Control-DAG: Constrained Decoding for Non-Autoregressive Directed Acyclic T5 using Weighted Finite State Automata
Jinghong Chen, Weizhe Lin, Jingbiao Mei, Bill Byrne
TL;DR
This work tackles reliable non-autoregressive natural language generation with DA-T5 by introducing Control-DAG, a constrained decoding framework that converts the model-produced DAG into a Weighted Finite State Automaton and enforces lexical, vocabulary, and length constraints.

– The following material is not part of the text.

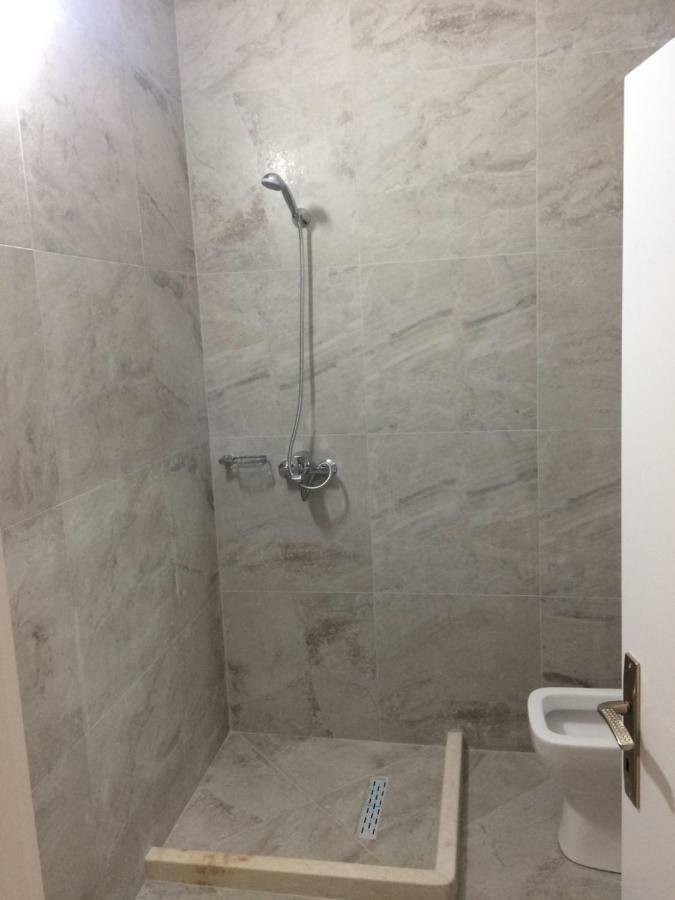 Merkaj Hotel בראט מראה חיצוני תמונה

By integrating Hard Lexical Constraints, Vocabulary Constraints, and Length Constraints—and optionally a CBS-style constrained beam search—Control-DAG eliminates OOV errors and ensures specified entities appear, while maintaining fast, DAG-compatible decoding. The approach achieves state-of-the-art non-autoregressive results on Schema Guided Dialogue (SGD) and Data-to-Text (DART) tasks, with zero slot errors and zero neologisms on SGD and strong BLEU/BLEURT gains on both datasets, all while beating AR baselines in speed. These results demonstrate the practical viability of constrained WFSA-based decoding for NAR NLG and highlight the potential of automata-theoretic methods to address longstanding issues in NAR generation.
Abstract
The Directed Acyclic Transformer is a fast non-autoregressive (NAR) model that performs well in Neural Machine Translation. Two issues prevent its application to general Natural Language Generation (NLG) tasks: frequent Out-Of-Vocabulary (OOV) errors and the inability to faithfully generate entity names. We introduce Control-DAG, a constrained decoding algorithm for our Directed Acyclic T5 (DA-T5) model which offers lexical, vocabulary and length control. We show that Control-DAG significantly enhances DA-T5 on the Schema Guided Dialogue and the DART datasets, establishing strong NAR results for Task-Oriented Dialogue and Data-to-Text NLG.